◆ **BRIEF**: From the listing that follows, output everything exactly except the pictures.

◆ **INFORMATION SUPPLIED**:
+ + + + + + +

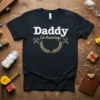 Daddy in training quote with hammer and wrench graphics on a black t-shirt, ideal for new dads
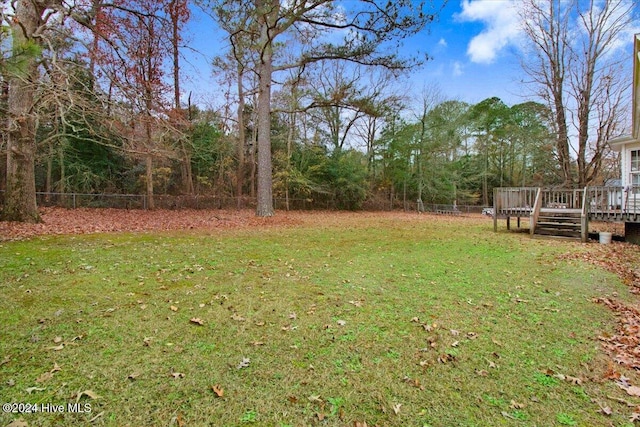 view of yard featuring a wooden deck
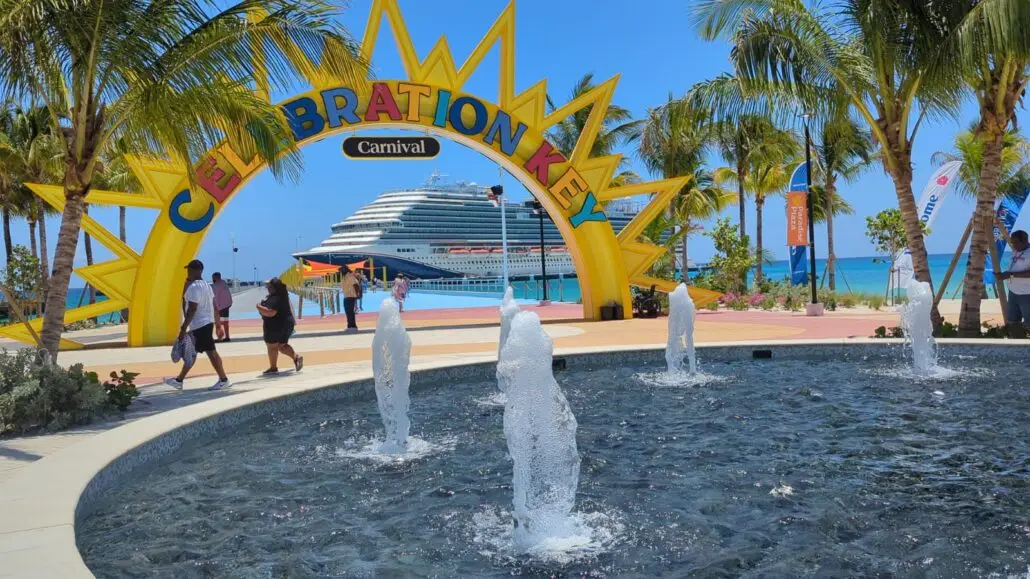 A cruise ship is docked near a beach behind a yellow and blue “Celebration Key” arch. Several people walk nearby, palm trees line the area, and water fountains are in the foreground during the Grand Opening festivities.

+ + + + + + +

◆ **REPLY**:
 Daddy in training quote with hammer and wrench graphics on a black t-shirt, ideal for new dads
 view of yard featuring a wooden deck
 A cruise ship is docked near a beach behind a yellow and blue “Celebration Key” arch. Several people walk nearby, palm trees line the area, and water fountains are in the foreground during the Grand Opening festivities.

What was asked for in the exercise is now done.